Everything that happened in later years can be read up on plenty of other websites, the juggling around with the non-profit status, and lots of other issues with CS, no need for me to add something else here. What pisses me off personally is that they still put “1999-2011” in the footer of every page, so on an almost constant basis I have to answer the question who is older - CS (which actually went live in 2004) or HC (2000). Sigh.
Big plans for HC: going Open Source
Which leads us over to HC: yes, we screwed up. We should have moved faster, addressed criticism more head on, and most important of all, improved the site. We got entangled in internal struggles commonly found in volunteer-only organizations, and we were lazy. Also, I'm not a programmer. However, we never died, HC has always been alive, the basic functionality is working, even if it's not as flashy as on CS. And we have big plans…
Already in 2007 we decided to go open source and release our code. The project stalled until late last year, because our programmers had decided to patch the current code and then release it - something that unfortunately never happened (understandably, the code apparently is a mess now, and it's very difficult to try to improve or change things for new programmers).
Late last year we finally took the decision to abandon those efforts and concentrate on developing an entirely new site based on new open source code. By chance I was hosted by Ariel in Buenos Aires in January, he had been offering his help for the last 8 years, and he took up the idea of our new open source site and started coding our new site. We are starting to involve other programmers in the effort now - if you would like to help, please get in touch with me: firstname.lastname@example.org. We plan to release the new site this year and then together with you will build the best hospitality exchange website this planet has ever seen.
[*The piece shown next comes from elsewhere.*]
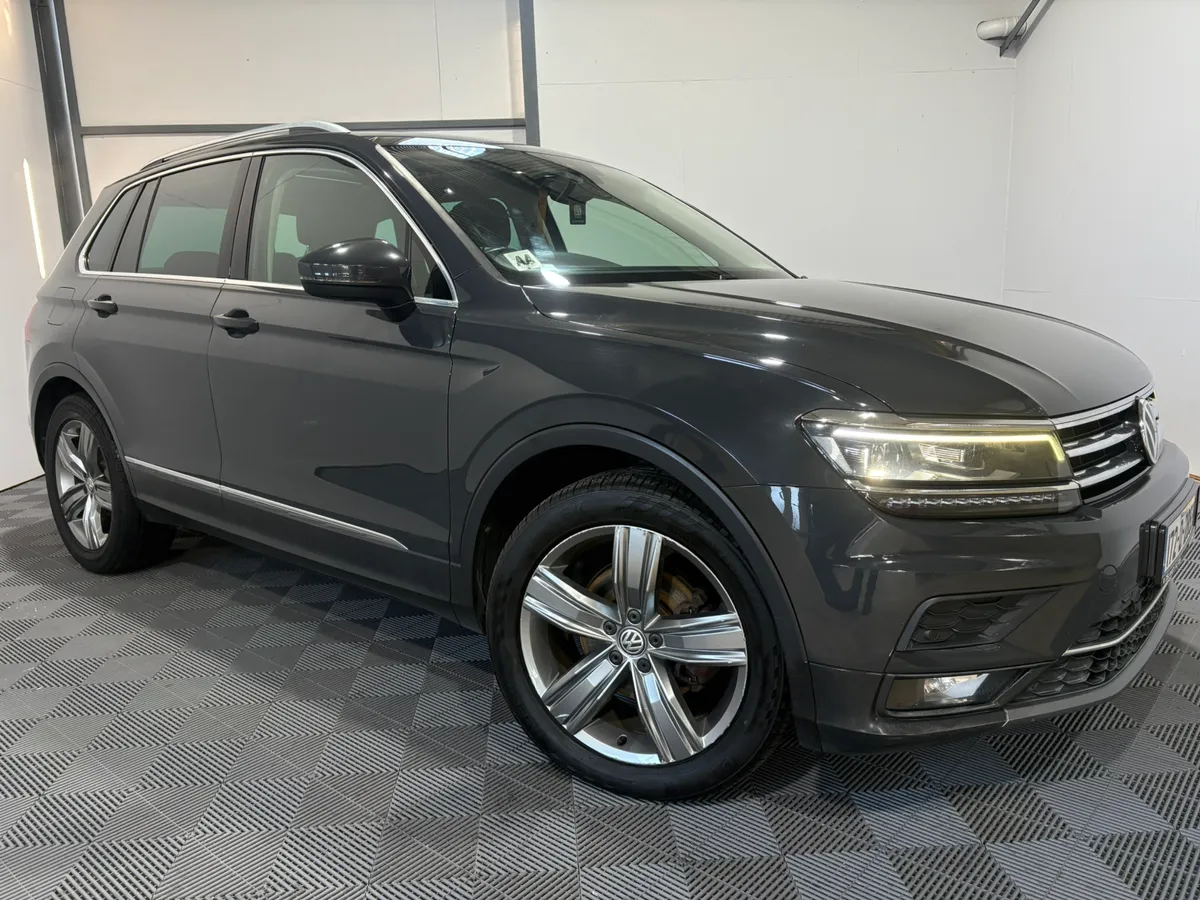 2017 Volkswagen Tiguan Highline 2.0 150 Bhp DSG - Image 2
There is so much wrong with the decision CS took. They essentially did not have the moral right to sell (part of) the site to venture capitalists. It was built on many volunteer shoulders, who rightfully feel deceived now. I might not be the best leader of a volunteer project, but this is something that would not have occured to me in my dreams. It's disgusting. Venture capitalists don't invest into something because they are nice people - they want to get this money back, from you, the community! CS already made millions with the verification scam, what is next?
Do you still believe in hospitality exchange?
We welcome any couchsurfers who still believe in the idea of hospitality exchange as one global community and not as a big business. You will feel at home in HC, I'm sure - even if the site is not up to par at the moment (I have personally always hosted couchsurfers and will continue to do so until I can't bear the thought anymore that I'll be supporting a company that has turned our wonderful hospitality exchange world into a business). And to all loyal Hospitality Club members: thank you for sticking around, we are sorry that we let you wait for so long for improvements, please help us get back on track. Together we CAN build something that all the venture capital in the world can't buy.
And most importantly: keep hosting and visiting members, make friends! It's not about the couch.